Bambara Kannaley (spelt onscreen as Bambharakannaley) is a 2005 Indian Tamil-language romantic comedy film directed by Parthi Bhaskar. The film stars Srikanth, Aarthi Agarwal and Namitha. Its title is based on a song from Manamagan Thevai (1957).

== Plot ==

Arumugam comes to Ooty for a job and falls in love with Pooja. However, Pooja already has a fiancé Gautham, who isn't as good as he appears to be.
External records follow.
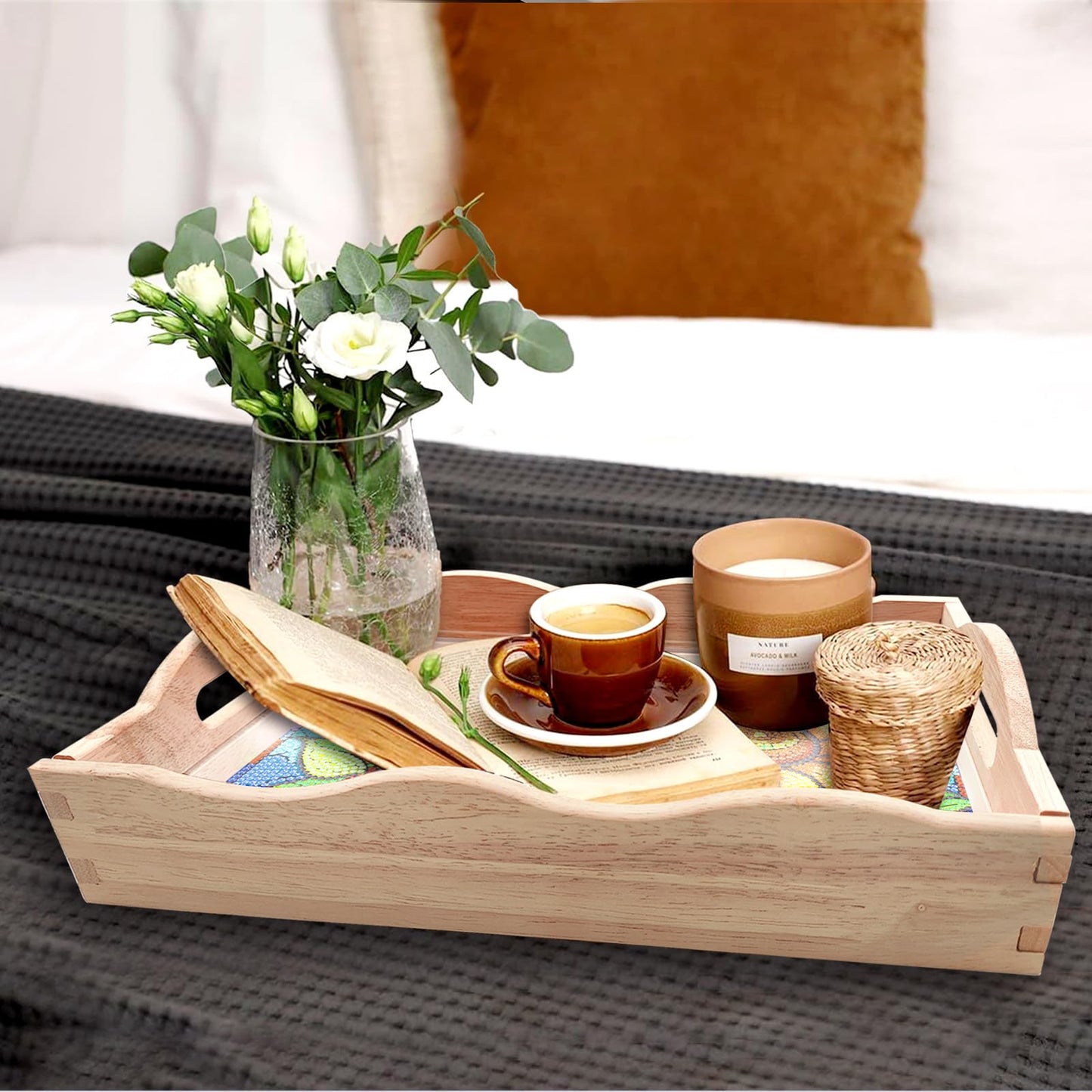 ARTopet DIY Diamond Tray Diamond Art Painting Sunflower Creative Design Handmade Wooden Tray Mosaic Making Kits by Number Kits Diamond Art for Coffee Living Room Home Organizer
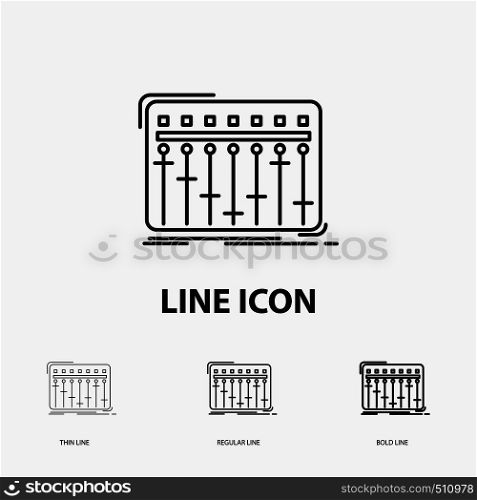 Console, dj, mixer, music, studio Icon in Thin, Regular and Bold Line Style. Vector illustration. Vector EPS10 Abstract Template background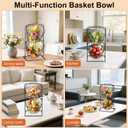 2 Tier Fruit Basket , Countertop Fruit Vegetable Bowl for Kitchen Counter Metal Wire Storage Basket Fruits Stand Holder Organizer for Bread Snack Veggies Produce（Black）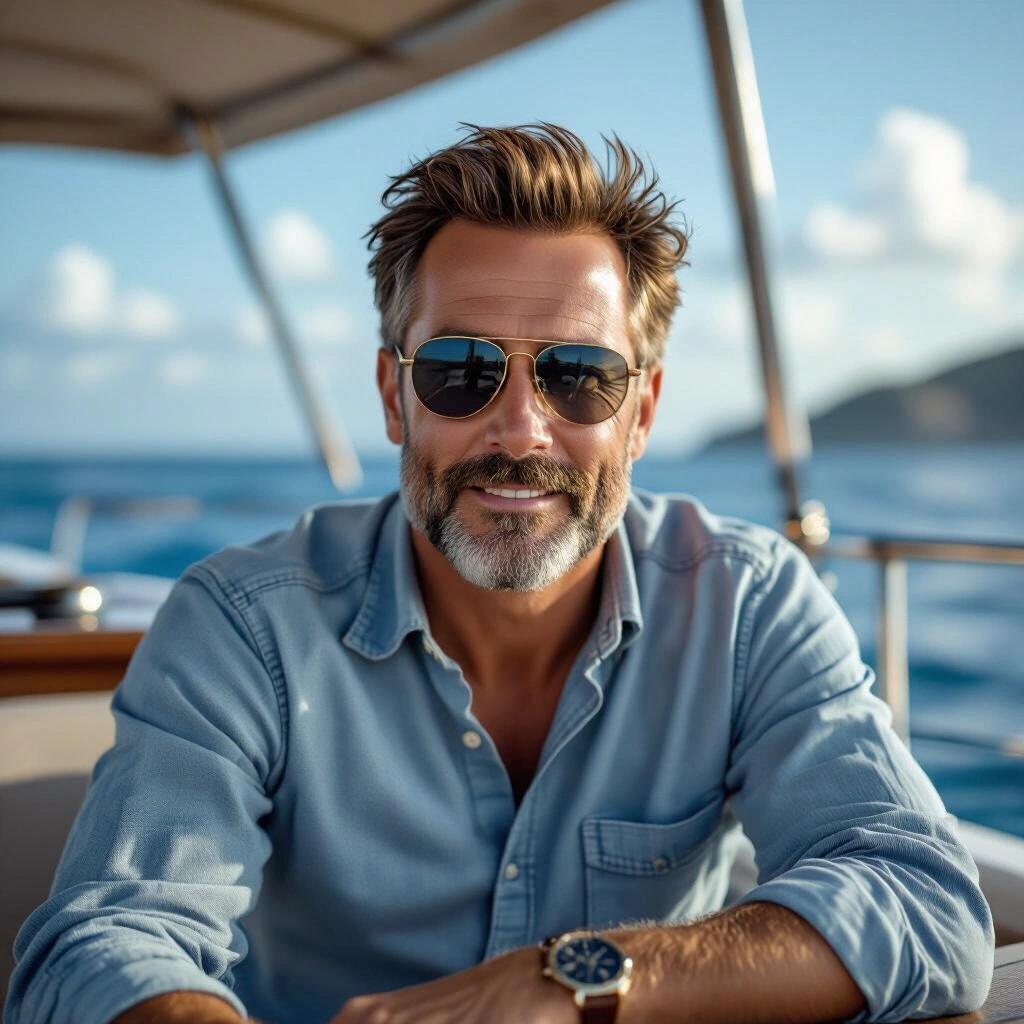 Ultra photorealistic image of a young man dressed casually sitting on a luxury yacht. The background shows a beautiful ocean with fluffy clouds. The focus is on the man's relaxed posture and the tranquil environment.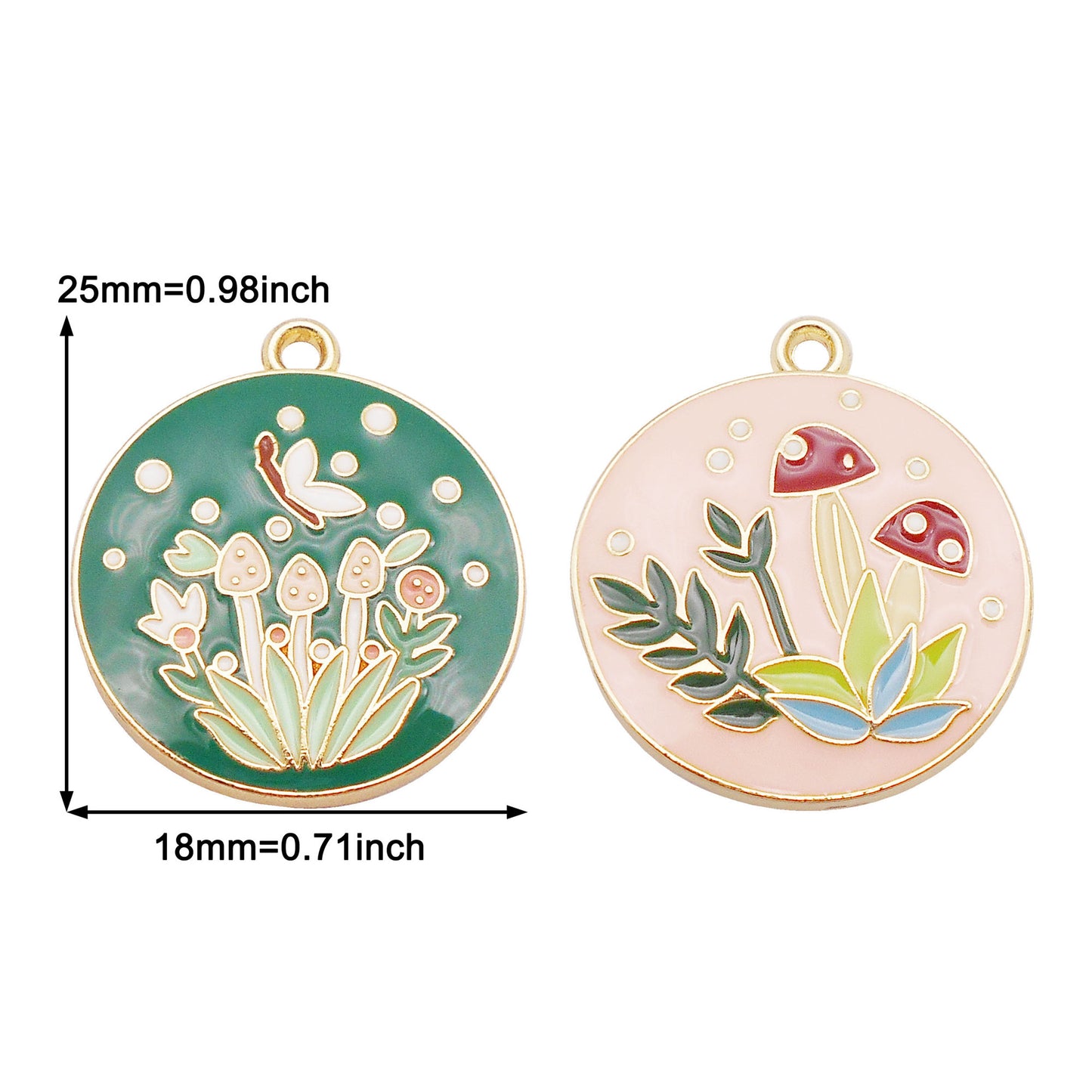 4Pcs Alloy Round Landscape Painting Charm 25x18mm Flower Pattern Pendant Enamel Jewelry Dangle for Necklace Earrings Making DIY Crafts Decor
What happens to Arumugam's love is the rest of the film.

== Production ==
This was Aarthi Agarwal's first and only film in Tamil.

== Soundtrack ==
The music was composed by Srikanth Deva and released by Star Music.

Track listing
| No. | Title | Singer(s) | Length |
|---|---|---|---|
| 1. | "Bambhara Kaanaley" | Udit Narayan, Sadhana Sargam | 5:30 |
| 2. | "En Kaadhalum" | Mukesh Mohamed, Reshmi | 3:04 |
| 3. | "Korukupettai" | Shankar Mahadevan | 5:23 |
| 4. | "Mana Magale" | Mukesh Mohamed, Sriram Parthasarathy, Roshini | 4:36 |
| 5. | "Om Muruga" | Ranjith | 5:39 |
| 6. | "Om Muruga" (version 2) | Srinivas | 5:39 |
| 7. | "Thakadhimi Thakadimi" | Sunitha Sarathy | 3:21 |
| Total length: |  |  | 33:12 |

== Critical reception ==
Malini Mannath of Chennai Online wrote, "Bambara Kannaley" is a love story without much love. Romance is the basis for everything that happens in the film but the romance itself occupies very little of its running time. That by itself is not a bad thing. But the rest of the running time is occupied by things that range from the uninteresting to the outright bad". Lajjavathi of Kalki wrote looking at the fresh approach in several scenes, we can expect aesthetic films from Parthi Bhaskar but panned the climax for wasting reels around 15 minutes. G. Ulaganathan of Deccan Herald wrote, "The director is confused whether he should make it a romantic film or a comedy film. He slips in between the two".